Der Bürgermeister kam Dienstagfrüh mit dem Fahrrad zum Prozess. Arm in Arm mit seiner Ehefrau betrat er das Gericht. Rund 20 Medienvertreter waren erschienen, dazu gesellten sich Wegbegleiter und Freunde des Stadtchefs. Zahlreiche Zuhörer wünschten Schaden für das Verfahren alles Gute. In dem bis 28. Juli anberaumten Strafprozess am Landesgericht Salzburg unter der Leitung von Richterin Anna-Sophia Geisselhofer werden sechs negativ bewertete Zinstausch-Geschäfte bei vier Banken beleuchtet, die das Land zum Übertragungszeitpunkt am 11. September 2007 laut Wirtschafts- und Korruptionsstaatsanwaltschaft (WKStA) ohne entgeltliche Gegenleistung von der Stadt übernommen hat. Dadurch sei dem Land ein Schaden von rund 4,9 Millionen Euro entstanden.
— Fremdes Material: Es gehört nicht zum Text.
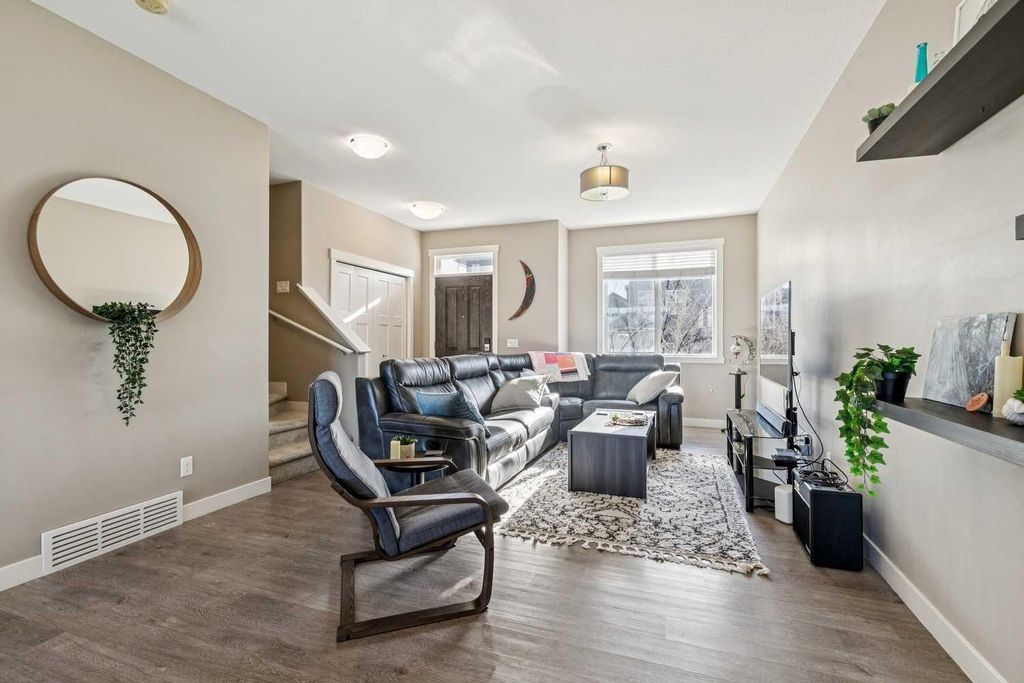 Photo of 605 Evanston Manor NW, Calgary, AB T3P 0R9 (MLS # A2312351)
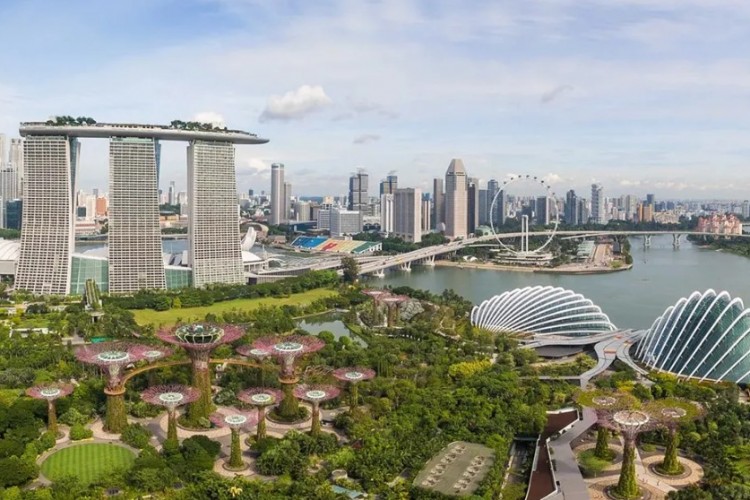 Forbes: Singapur turistler için en güvenli şehirler listesinin başında yer alıyor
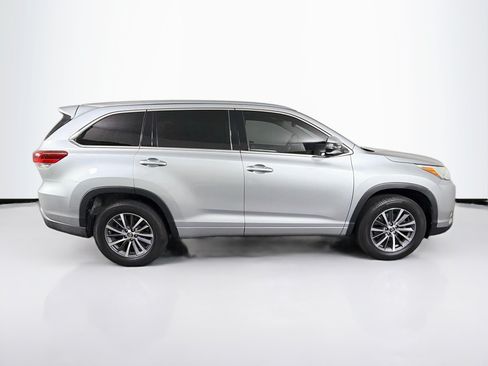 Used 2018 Toyota Highlander XLE FWD image 10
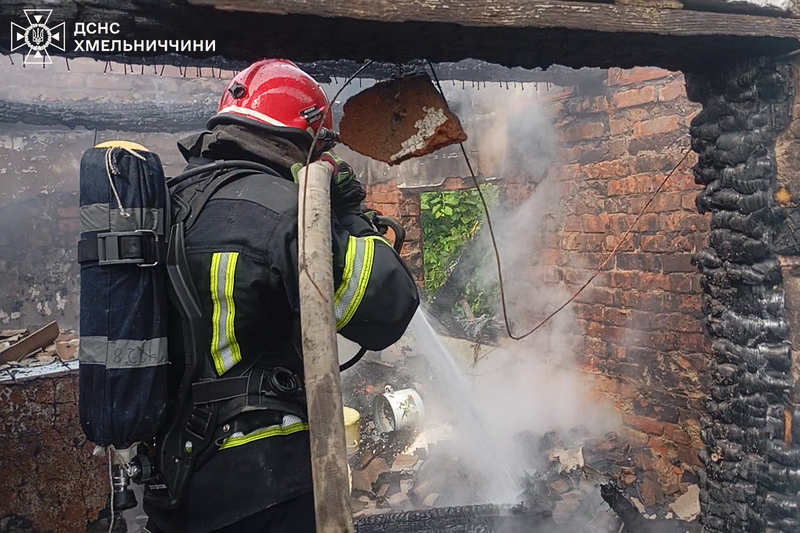 Минулої доби на Хмельниччині було зареєстровано 9 пожеж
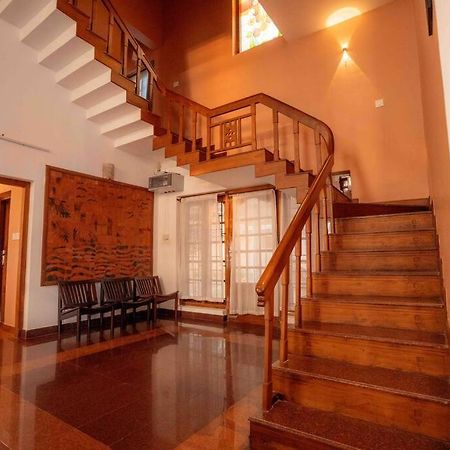 Baywatch By Grha - A Picturesque Beachfront Villa Kozhikode Exterior photo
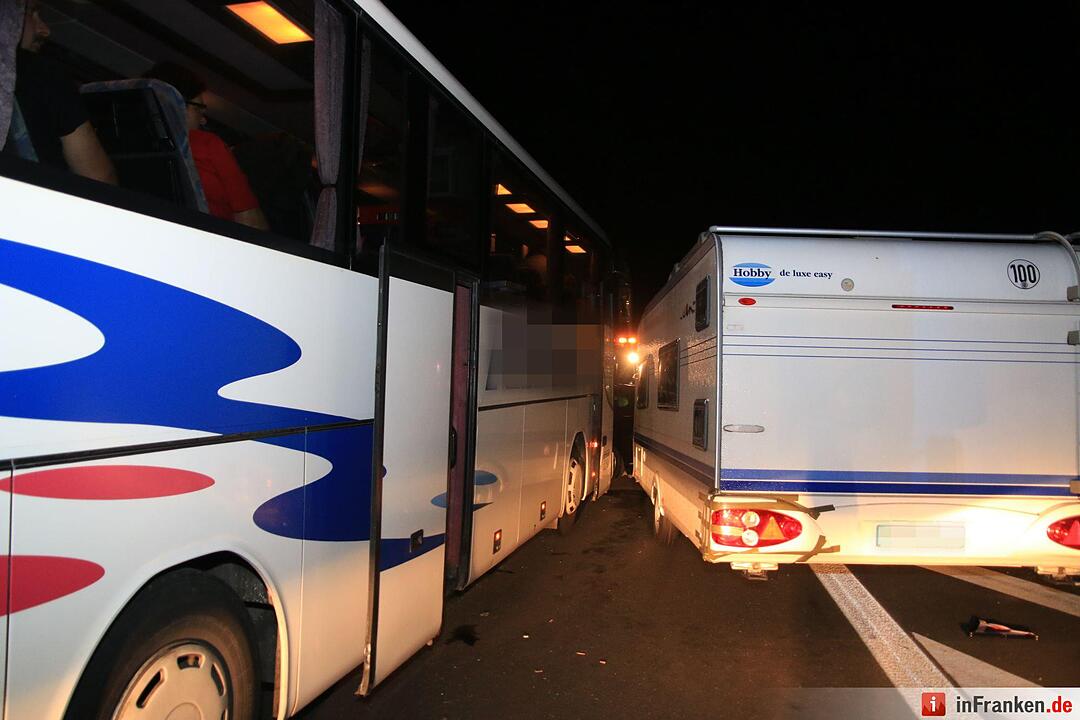 Unfall mit Reisebus auf der A73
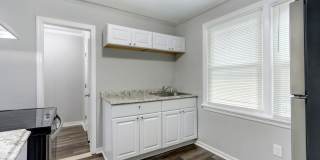 Large East Savannah 2BR/1BA Home For Rent Gallery 10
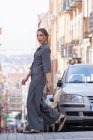 Schöne Frau steht auf der Straße — Stockfoto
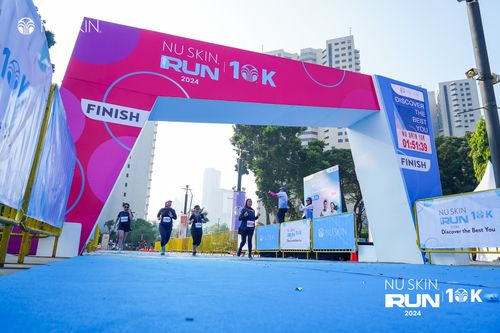 Race photo from Nu Skin Run 10K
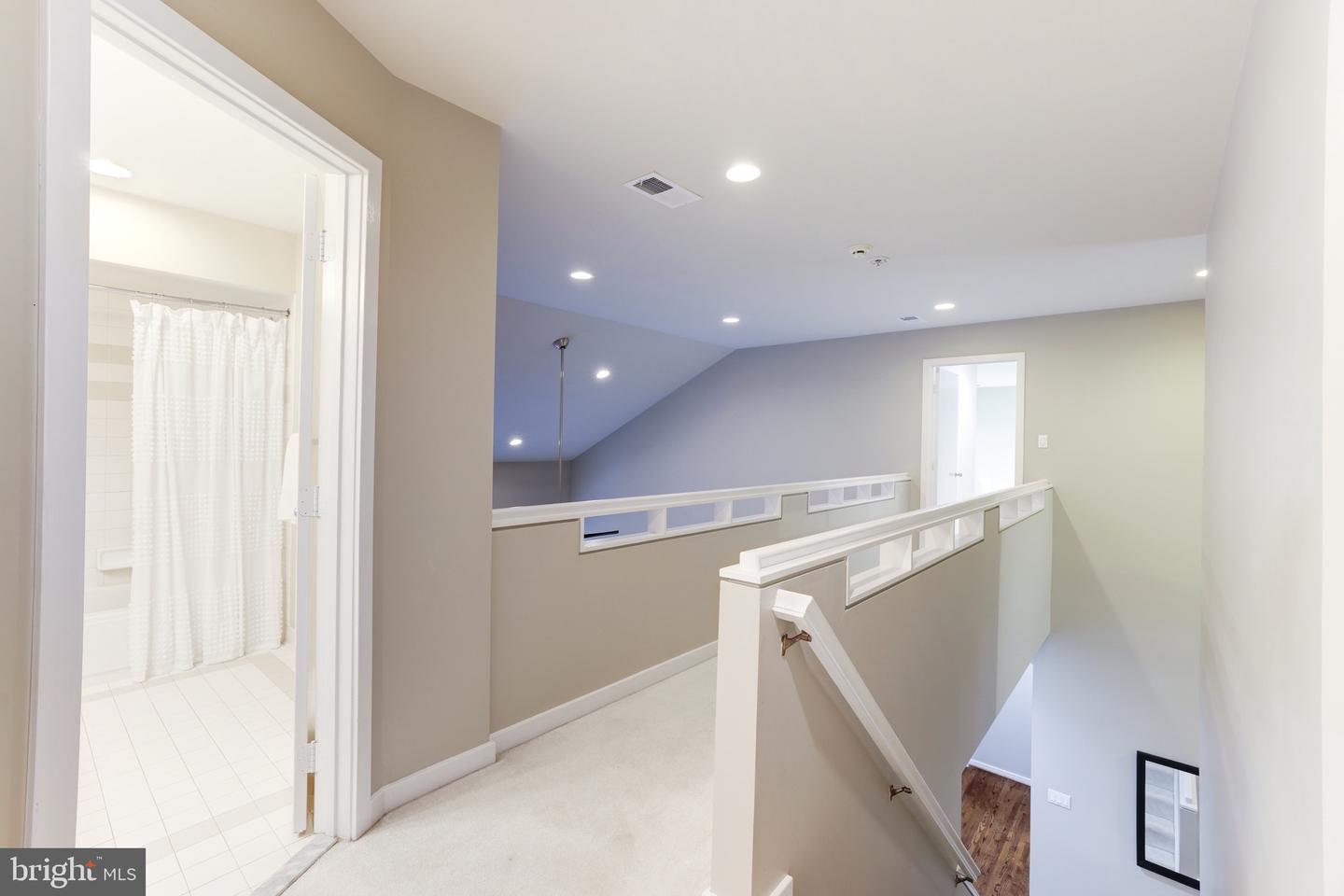 1100 Water Pointe Ln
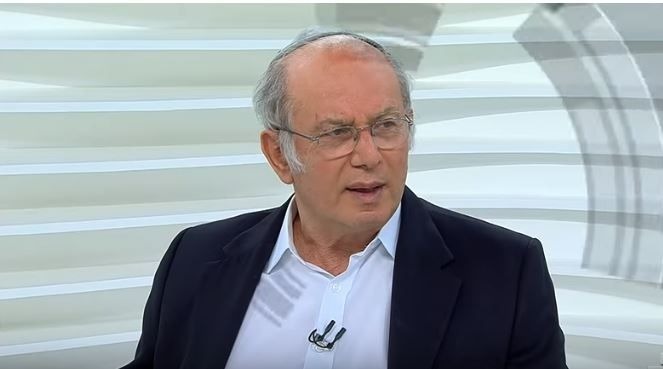 'País balança mas não cai', diz Elie Horn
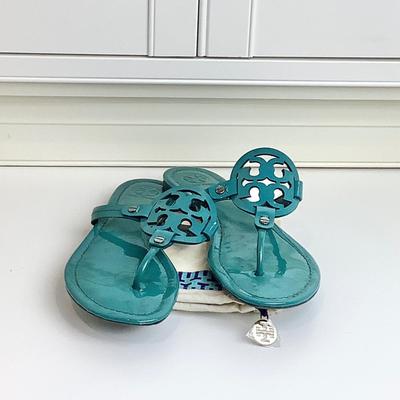 8682 One Pair of Gently Worn TORY BURCH Scandals 8.5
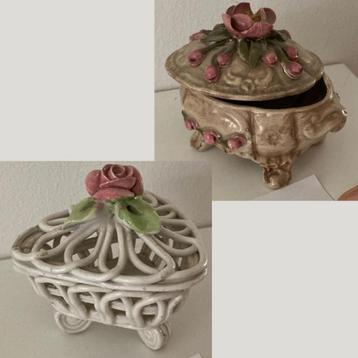 2x Vintage keramieken sierdoosje met roosjes beschikbaar voor biedingen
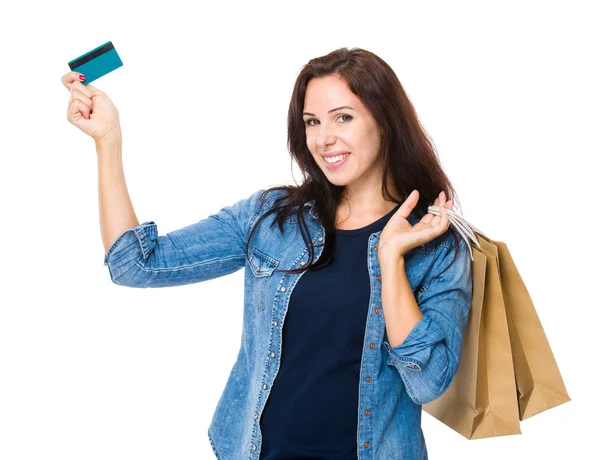 Frau kauft mit Kreditkarte ein — Stockfoto
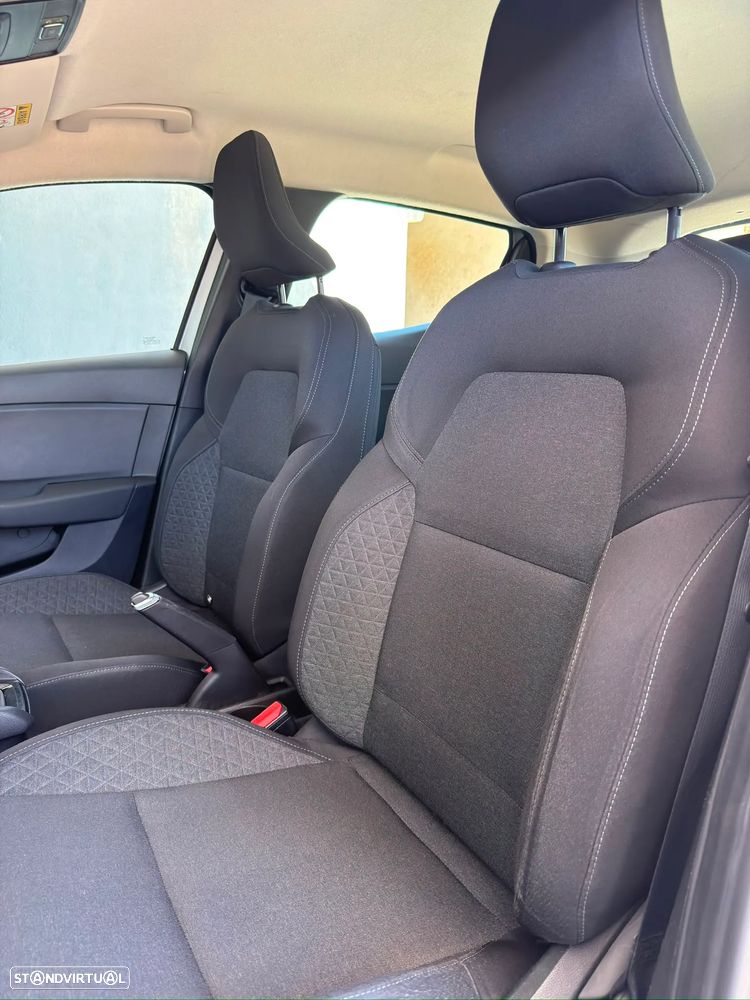 Renault Clio - 25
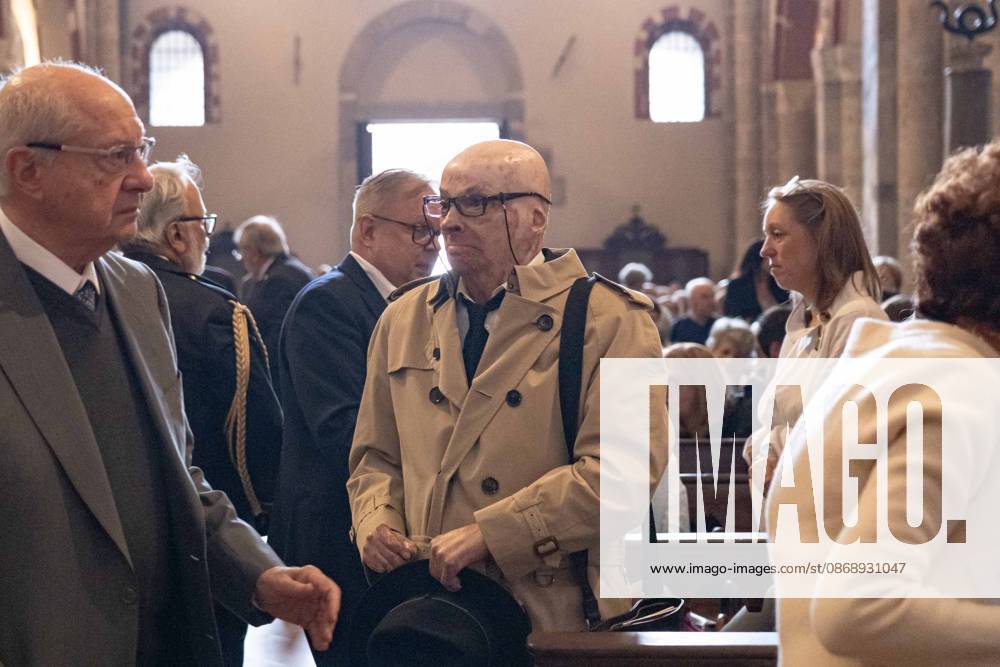 IPA89429906 - Milan, October 8, 1926, Basilica of SantAmbrogio, Eucharistic celebration marking the 25th anniversary of the Linate plane crash Pictured: Pasquale Padovano, a survivor of the crash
Angeklagte im Finanzskandal

Angeklagt wegen Untreue, teils als Beteiligte, sind neben dem Bürgermeister und Ex-LHStv. Raus der heutige Magistratsdirektor (er war damals Sekretär im Büro von Schaden), der ehemalige Leiter der Finanzabteilung des Landes, Hofrat Eduard Paulus, der städtische Finanzdirektor (damals Sachbearbeiter in der städtischen Finanzabteilung) sowie die ehemalige Budgetreferatsleiterin des Landes, Monika Rathgeber, und ihr damaliger Mitarbeiter im Referat.

Der Prozess wurde am Dienstagnachmittag auf Mittwoch, um 9.00 Uhr vertagt. Die Verhandlung beginnt mit der Einvernahme von Monika Rathgeber, wie die vorsitzende Richterin Anna-Sophia Geisselhofer erklärte.